A hepatobiliary (HIDA) scan is an imaging procedure designed to make diagnoses of problems of the liver, gallbladder and bile ducts.
Also known as cholescintigraphy and hepatobiliary scintigraphy, a radioactive tracer is injected into your arm in this procedure.
This tracer travels through your bloodstream into the liver where the bile producing cells absorb it. The tracer then travels with your bile into your gallbladder and through your bile ducts to your small intestine.
A special device known as a nuclear medicine scanner (gamma camera) tracks the flow of the tracer from your liver into your gallbladder and further into the small intestine and creates computer images.
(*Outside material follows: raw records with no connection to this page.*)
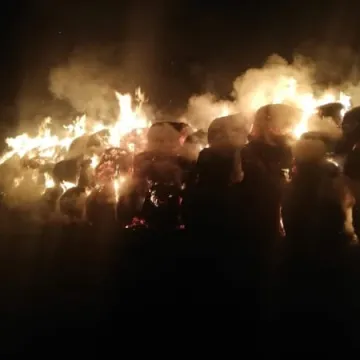 Kolejny pożar balotów słomy w Pratkowicach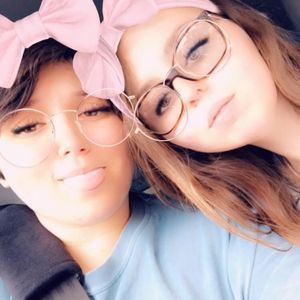 Meet your Posher, Kandis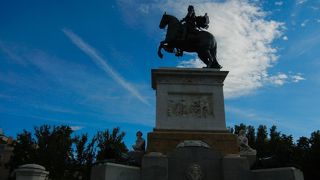 ぱっとしない広場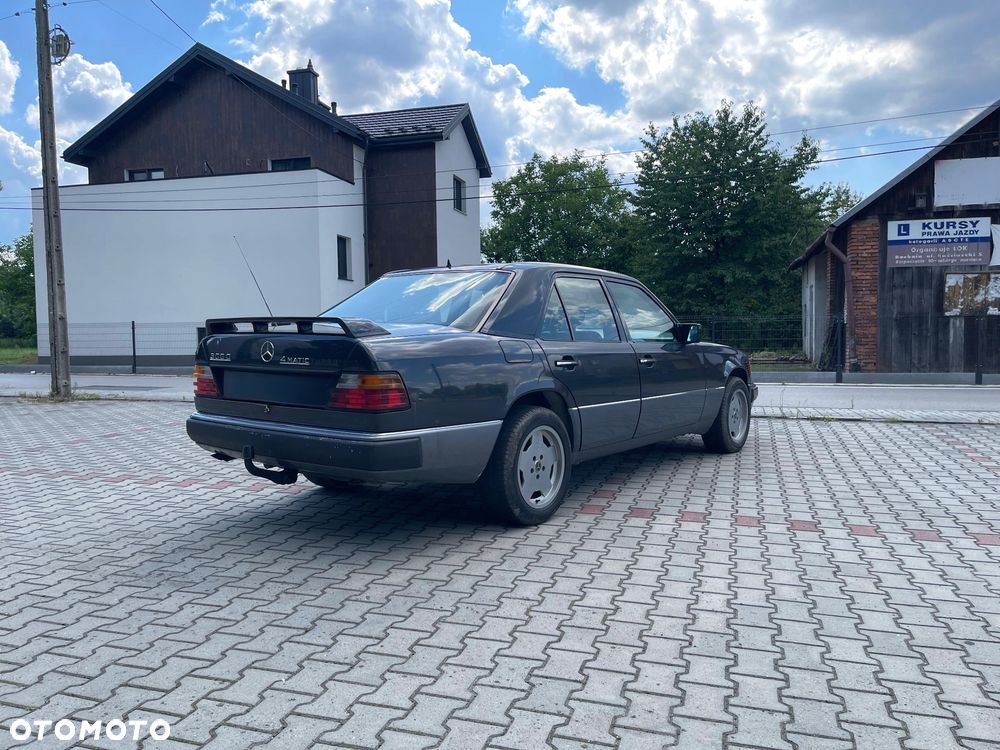 Mercedes-Benz W124 (1984-1993) - 3
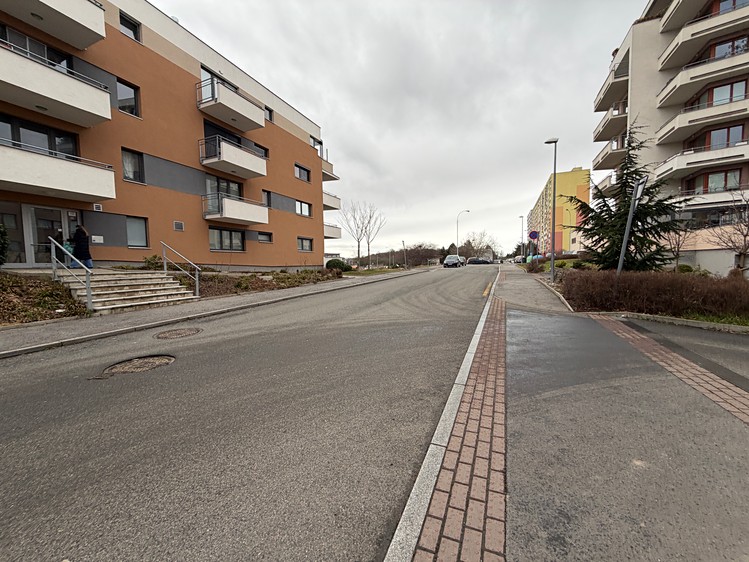 Pronájem garážového stání 16 m² - foto 4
The main reason for a HIDA scan is the evaluation of your gallbladder. It is also used to observe the bile-excreting function of your liver and to track the flow of bile from your liver into your small intestine.
A HIDA scan is often used in combination with X-ray and ultrasound.
A HIDA scan might be helpful in diagnosing the following conditions:
Postoperative complications, such as bile leaks and fistulas.
Your doctor might make use of the HIDA scan as part of a test to measure the rate at which bile is released from your gallbladder (gallbladder ejection fraction).
3 Potential Risks
Only a small number of risks can be associated with a HIDA scan.
These risks include:
Allergic reactions to medications containing radioactive tracers that are utilized for the scan.
Bruising at the site of the injection.
Radiation exposure, which is small.
Tell your doctor if there is any chance you could be pregnant or if you are breastfeeding. In most cases, nuclear medicine tests, such as the HIDA scan, are not performed on pregnant women because of potential harm to the fetus.
4 Preparing for your Procedure
In preparing for your HIDA scan, you must follow your doctor’s orders.
Your doctor is likely to ask you the following:
Too fast for 2 hours before your HIDA scan.
You might have permission to drink clear liquids.
About any medications and supplements, you take.
You might be asked to do the following:
Change into a hospital gown.
Leave jewelry and other metal accessories at home or remove them prior to the procedure.
Here’s what you can expect during and after your HIDA scan.
During the procedure
Your health care team will put you on a table, usually on your back, and proceed to inject the radioactive tracer into a vein in your arm. You might feel pressure or a cold sensation while the radioactive tracer is being injected into your body.
During the test, you may be given an intravenous injection of the drug sincalide (Kinevac), which makes your gallbladder contract and empty. Morphine, another drugs is sometimes given during a HIDA scan, makes the gallbladder easier to be seen.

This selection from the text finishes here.